Oracle disk IO latency on EC2
A colleague pointed me to this blog post , in which one attendees at a cloud computing panel described disk IO in the cloud (presumably AWS) as "punishingly slow".
We use EC2 for testing purposes here in the Spotlight on Oracle team, and generally we’ve been pretty happy – at least with throughput. Latency is a bit of a mixed bag however. Here’s a typical db file sequential read histogram from one of our bigger EC2 instances (from Spotlight on Oracle):
We do a fair bit of benchmark related workloads, so of course we often overload the disks. However, the two peaks in the above chart are interesting. The 1 ms peak is clearly caching of some form – disks simply cannot return blocks of data in 1ms for random reads given rotational latency, etc. The 1 ms disk reads are probably coming from a non-volatile cache incorporated with the virtual disks (and yes, Oracle was configured with filesystemio_options set to ‘setall’, so filesystem caching was not in effect)

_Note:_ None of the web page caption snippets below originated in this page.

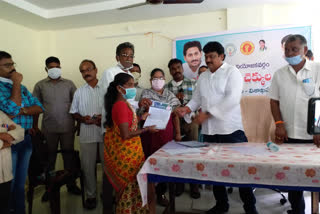 mla distributed insurance cheques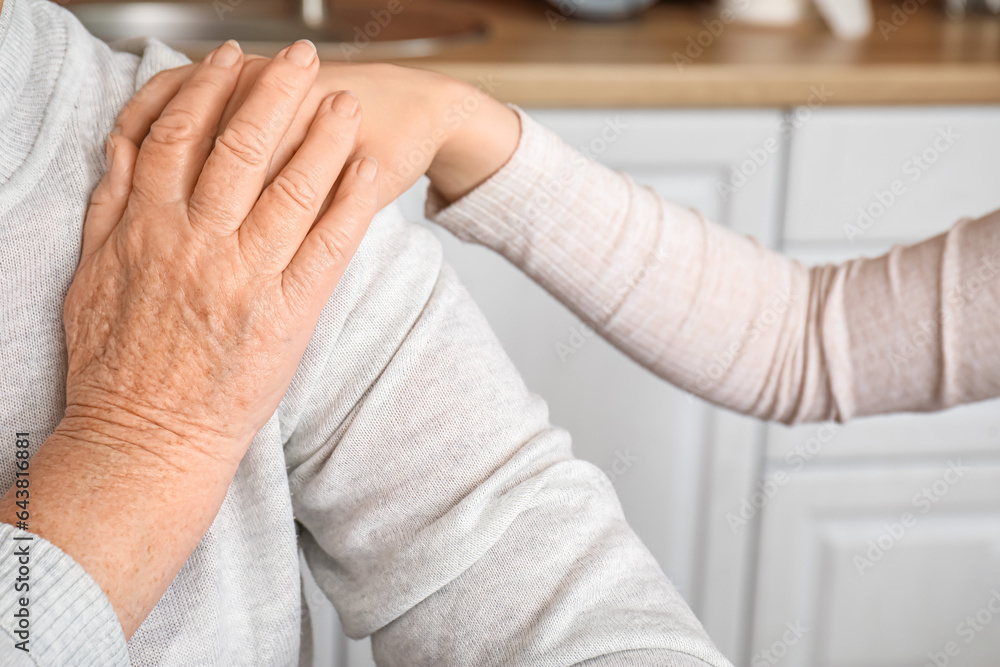 Young woman with her grandmother holding hands in kitchen, closeup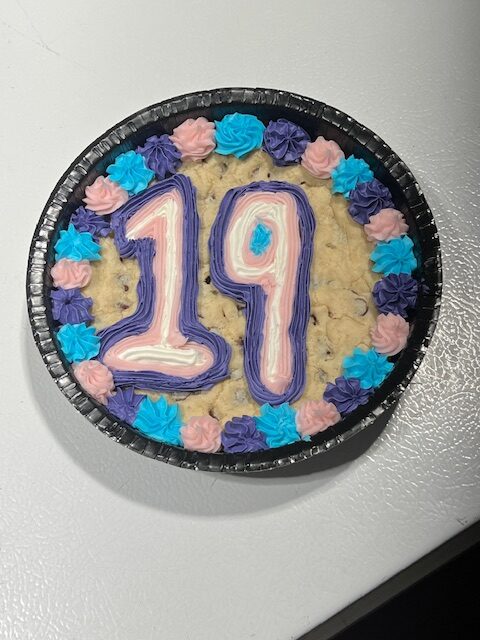 Decorative 19th birthday cookie cake with colorful frosting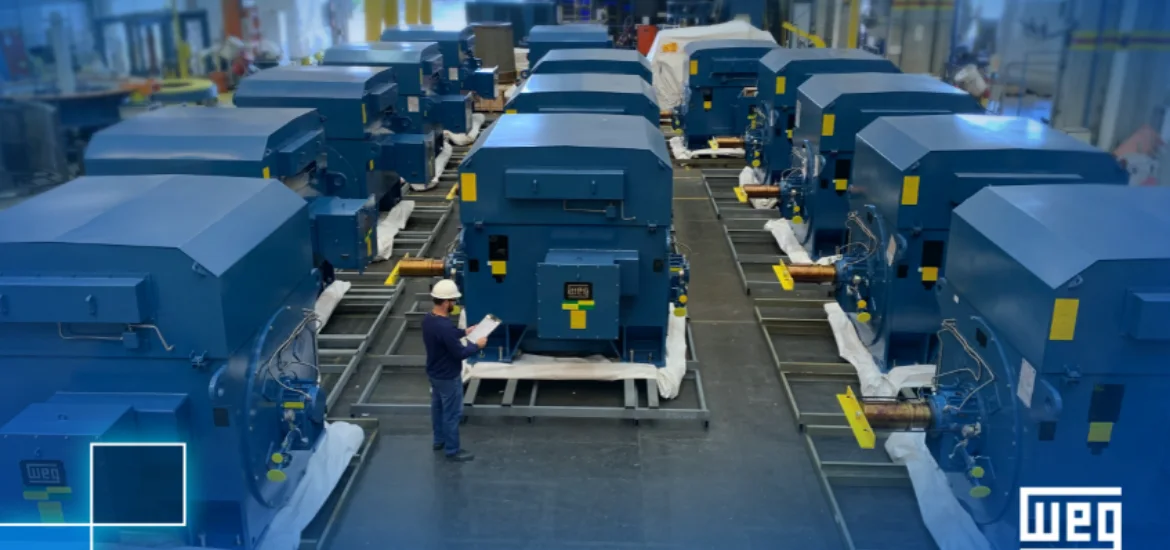 Rows of large blue industrial machines sit on metal frames in a warehouse.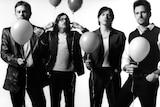 Black and white photo fo Kings of Leon holding balloons.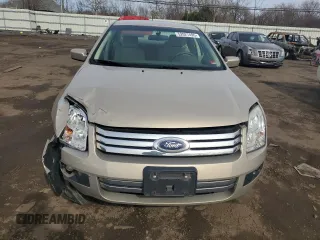 2007 Ford Fusion SE with VIN 3FAHP01107R141043, listed as a Copart auction lot 52027495 with 101,170 mi miles and Salvage Title. Bid and sale history available at carsss.com. Image 5.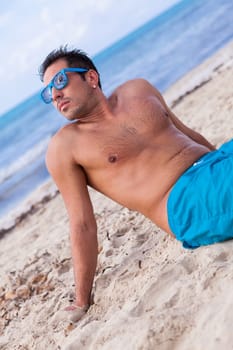 Sporty young man in swimming trunks on the beach on holiday summer leisure lifestyle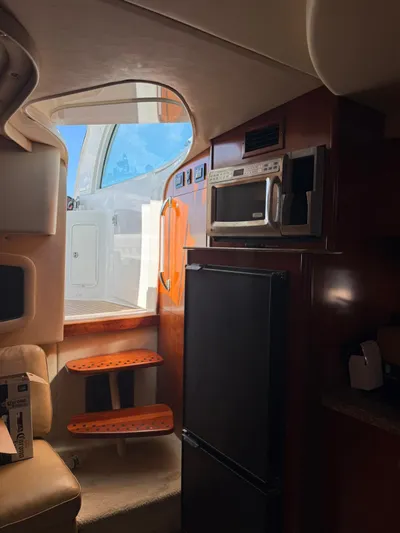  Yacht Photos Pics Interior of 2009 Cruisers Yachts 390 Sports Coupe with kitchen appliances and steps to deck.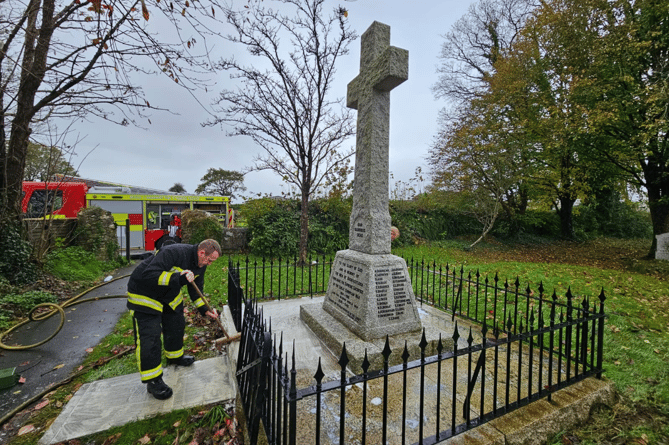 Buckfastleigh firefighters cleaning the town's war memorial ahead of Remembrance Sunday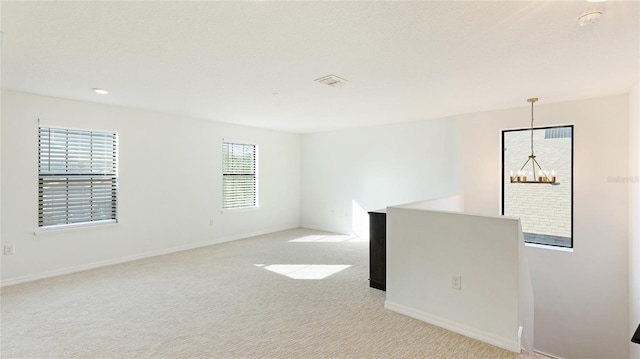 carpeted empty room featuring a notable chandelier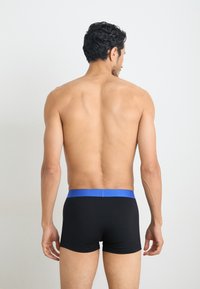 Black boxer briefs with a blue elastic waistband, featuring a smooth texture and a fitted design, viewed from the back.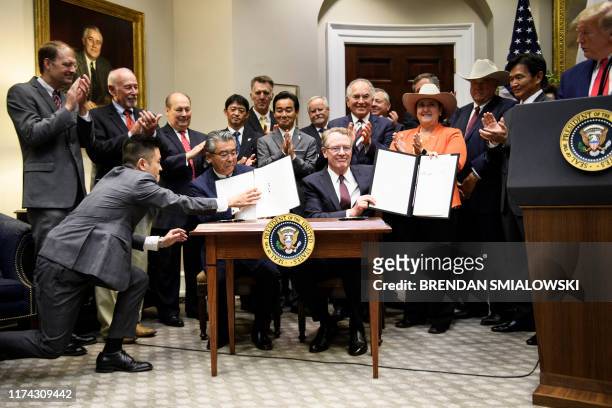 President Donald Trump watches as Japan's US Ambassador Shinsuke Sugiyama and US Trade Representative Robert Lighthizer participate in a signing of a...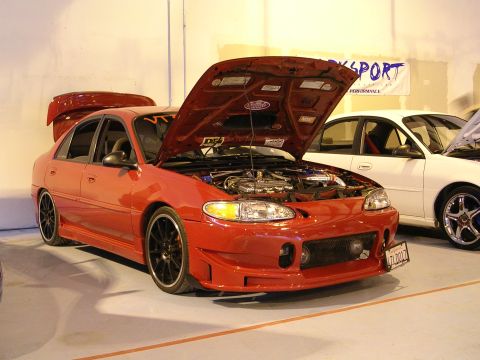 1996 Ford Probe - A red 1996 Ford Probe sedan is displayed with its hood open, revealing the engine bay.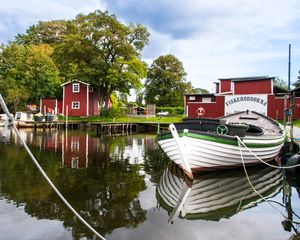 Preview wallpaper boat, river, buildings, trees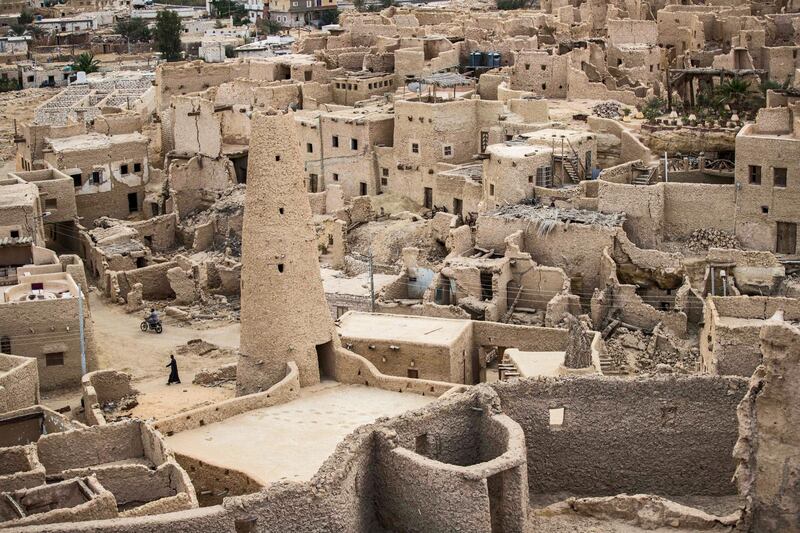 This picture shows a view of the recently restored fortress of Shali and its surroundings, in the Egyptian desert oasis of Siwa, some 600 kms southwest of the capital Cairo, on November 6, 2020. - The 13th century edifice, called Shali or "Home" in the Siwi language, was built by Berber populations, using kershef, a mixture of clay, salt and rock which acts as a natural insulator in an area where the summer heat can be scorching.
After it was worn away by erosion, and then torrential rains in 1926, the European Union and Egyptian company Environmental Quality International (EQI) from 2018 sought to restore the building, at a cost of over $600,000. (Photo by Khaled DESOUKI / AFP)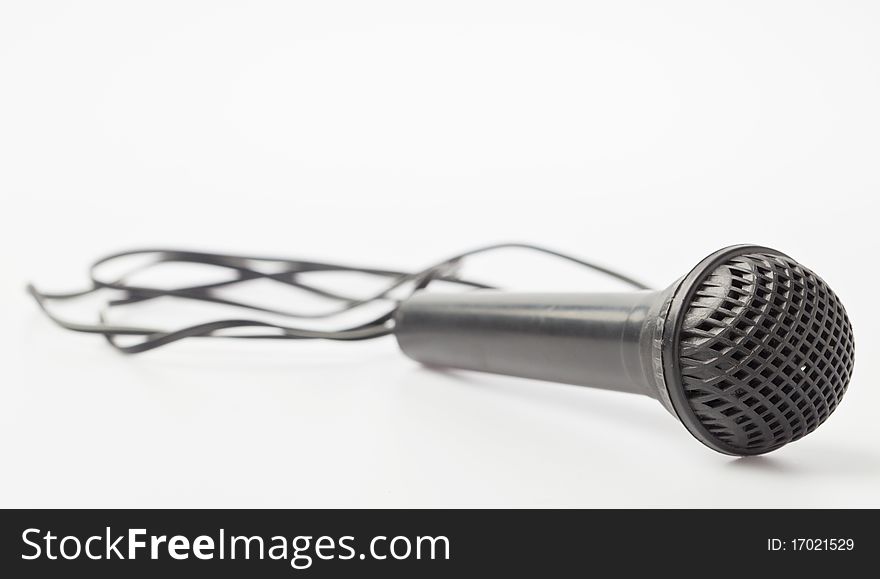 Microphone toy with wire white back ground. Microphone toy with wire white back ground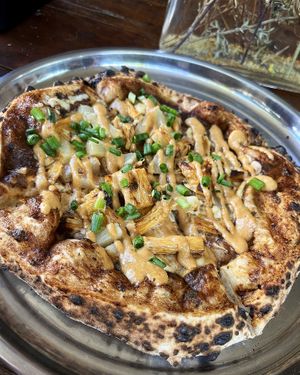 Tofu skin, pineapple & peanut butter vegan pizza at 2022_bak in Yerevan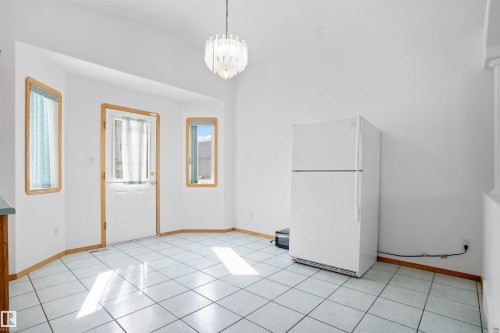 White tile flooring, a built-in refrigerator, and a decorative pendant light fixture - 2915 151A Avenue Nw, Edmonton, AB 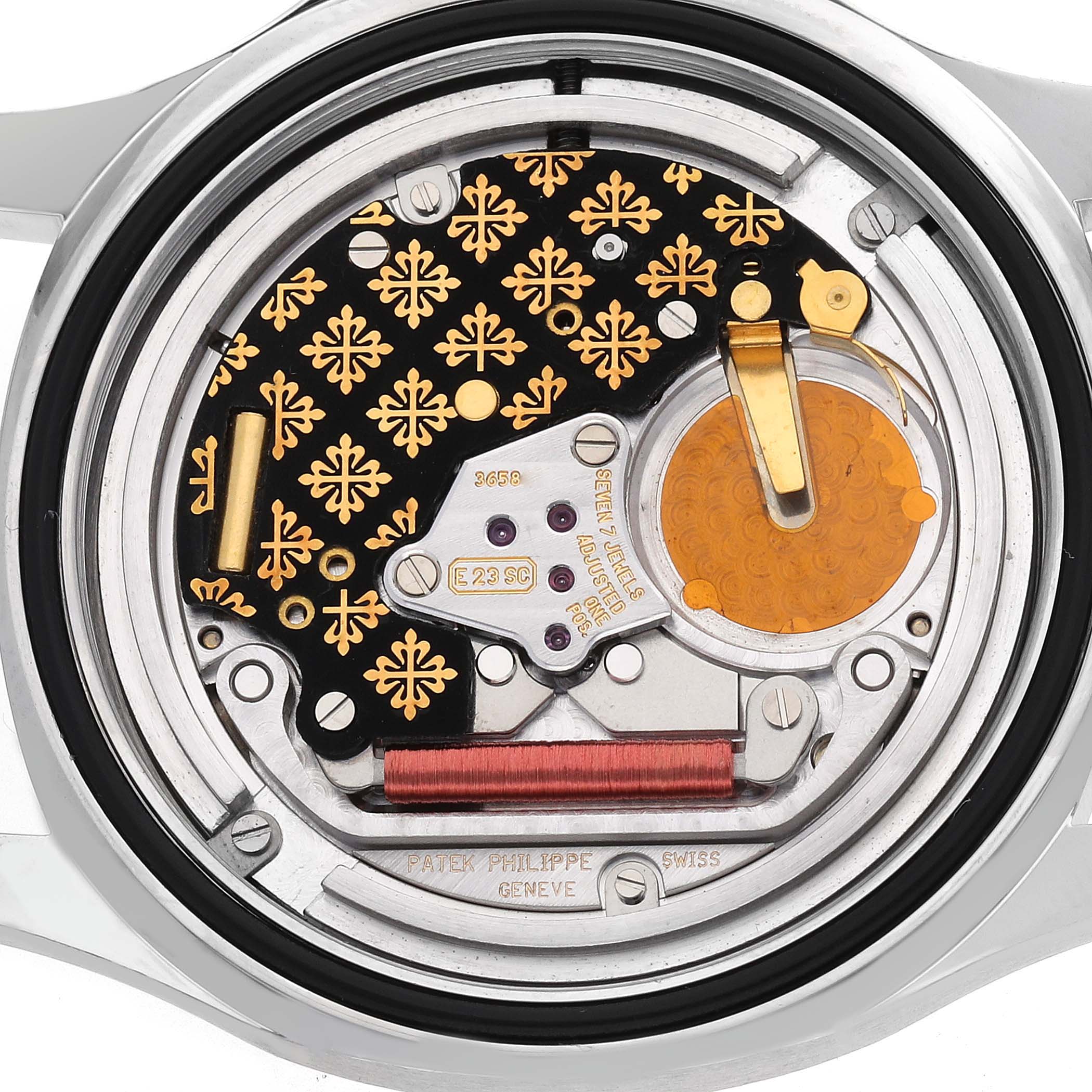 This image shows the back view of a Patek Philippe Aquanaut 5067A-014 Women
s Stainless Steel Black Dial watch, highlighting its intricate mechanical movement.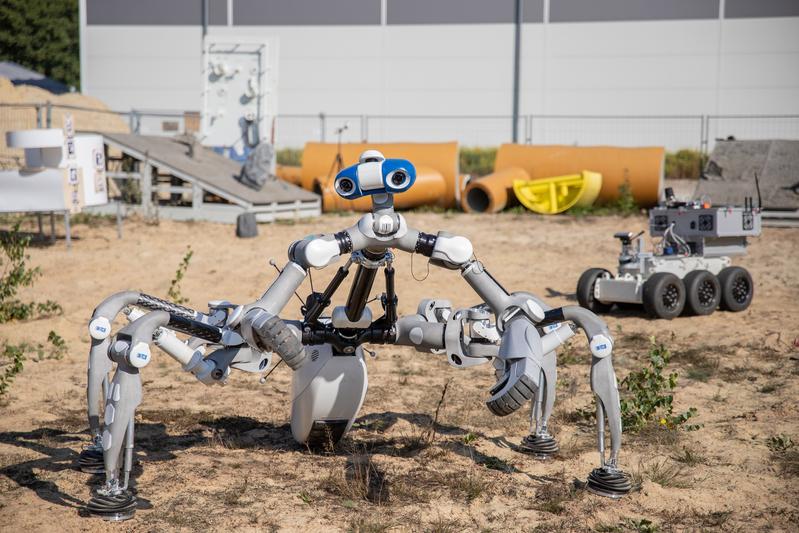 The walking robot Mantis and the rover VELES during tests on the DFKI's outdoor premises in Bremen 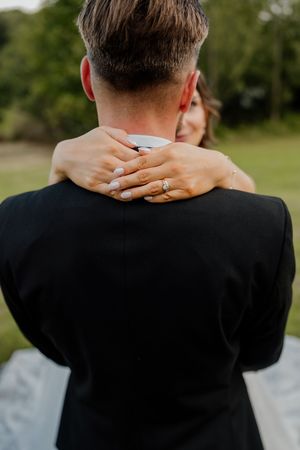 A bride with a diamond engagement ring embraces her groom from behind outdoors at their wedding.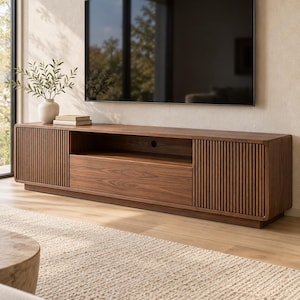 Peut inclure: Un long meuble TV rectangulaire en bois foncé doté de deux placards latéraux à portes verticales rainurées, d'une étagère centrale ouverte et d'un tiroir inférieur. Le meuble présente des coins arrondis et repose sur une base basse.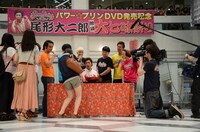 尾形のうどんに七味唐辛子を入れていく観客。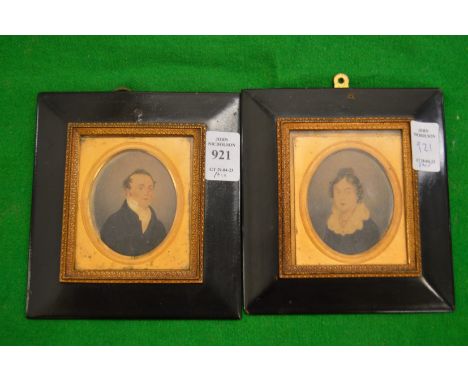 A pair of late Victorian portrait miniatures on card depicting a gentleman and a lady.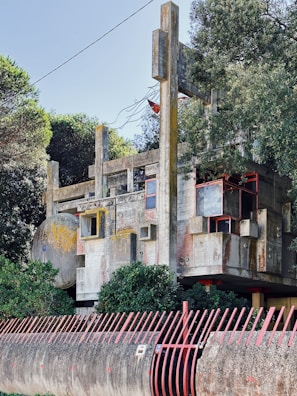A Brutalist architectural structure with concrete slabs, geometric shapes, and red accents. The building is partially obscured by trees and surrounded by a red metal fence. The design features a variety of angular components, creating a complex and textured facade.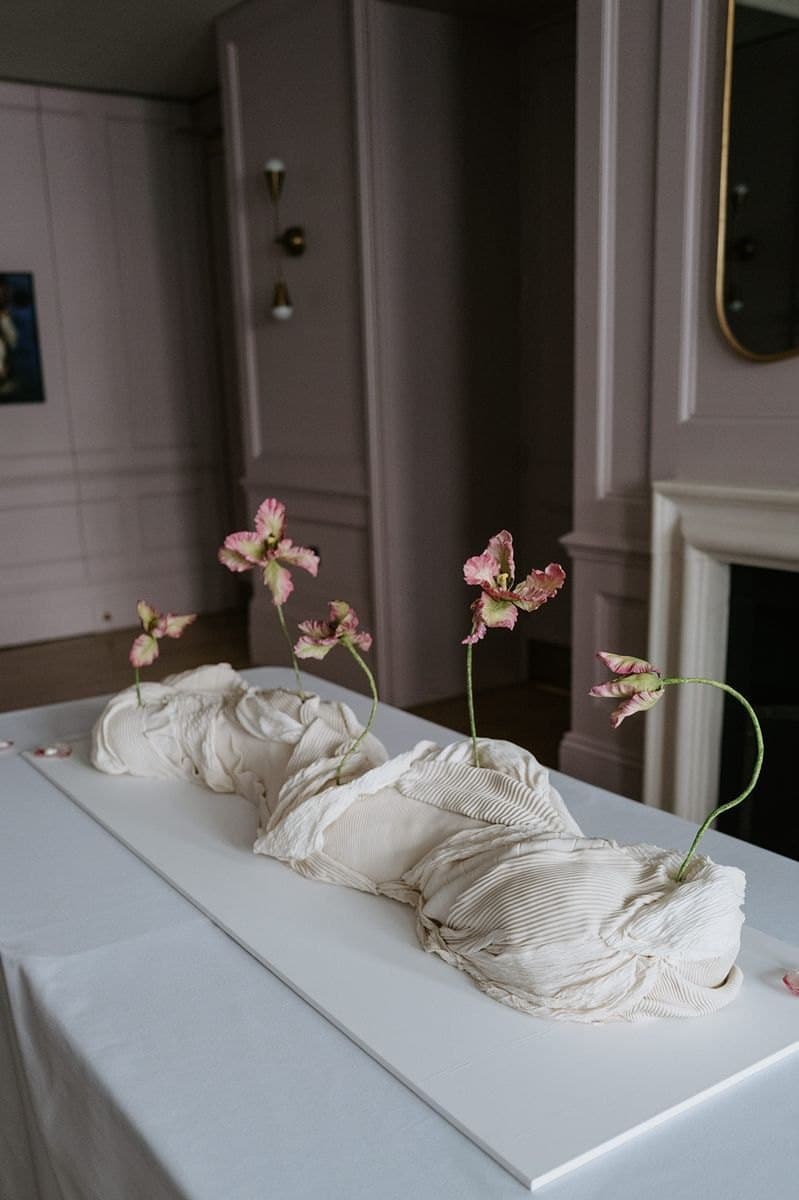 A low, sculptural wedding cake made of pleated and folded cream fondant, with pink sugar tulips rising from it, on a white table in a mauve room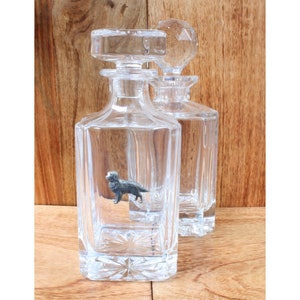 Può includere: Due caraffe di vetro trasparente con tappi. Una caraffa contiene una statuetta di un cane in peltro.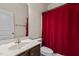 Bathroom with vanity, sink, toilet, and red shower curtain at 309 Coachman'S Trl, Stem, NC 27581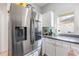 Stainless steel refrigerator complemented by white cabinets and neutral countertops at 339 Magical Way, Kissimmee, FL 34744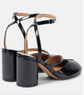 Black high-heeled shoes with strappy design on a white background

The 16ms peak is poor if that represents the actual physical service time of the disk; but it might be due to overloading the disks and creating some queuing. Let’s try and find out.
When you create an EC2 instance, by default your storage is “ephemeral” – non permanent. It’s more sensible therefore to create datafiles on Elastic Block Storage (EBS) devices that will not evaporate should your instance crash. I was interested in the relative performance of both. You probably never want to store tables on ephemeral storage, but maybe they could be used for temporary or index tablespaces.
I created two tables, one on a EBS backed tablespace and one on ephemeral storage. The table had a 7K row length, so each row was in a block of its own. I then retrieved blocks from the table in sequential order after – of course – flushing the buffer cache and making sure filesystemio_options where set to “setall”. The primary key indexes were on separate tablespaces, so we’re only seeing the IO from the table reads.
These first results were very good (this is from V$FILE_HISTOGRAM):
These results show that Ephemeral is a bit faster than EBS, but that EBS still seems VERY fast. Too good to be true in fact: must be some caching going on in the EBS storage layer.
I restarted the instance (and database of course) and waited a few hours. Hoping that whatever cache exists had been purged. However, the results were not much different. Perhaps my 8K block reads were piggy-backing on a larger block size in Amazon storage? So the first time I read an 8K block it takes 4-8ms, but when I then read a "nearby" block, it's already cached?
So next, I tried performing random reads on a really massive table to try and prevent this sort of caching. I used SQL trace to capture all the db file sequential read times. The following perl snippet was used to collect the distribution of IO times (77203 is the obj# of my test table):
Now we see something that looks like it might reflect more accurately the non-cached EBS response time:
These times aren’t that great, but aren’t totally outside the range of what we’re used to in JBOD (Just A Bunch Of Disks).
So based on this little bit of research, here’s my current take on EC2 IO latency:
- The underlying disk system implements some form of caching: as a result disk reads often appear to be super-fast if they are pick up data in the storage cache. For a typical database, this will make some proportion of single block reads appear to complete in 1ms range.
- When the cache is bypassed, latencies of between 4-10 ms can be expected.
- Ephemeral storage appears to be somewhat faster that EBS. You'd be nuts to put any data you wanted to keep on ephemeral storage, but maybe we could consider using it for temporary tablespaces.
I did a little bit of work on throughput while writing Oracle Performance Survival Guide. Here's a chart that shows an attempt to push up read throughput on an EBS based tablespace:
I really need to spend some more time benchmarking throughput, but based on this simple test, it seems like you can get a couple of hundred IOPS out of an EBS filesystem before latency starts to run away.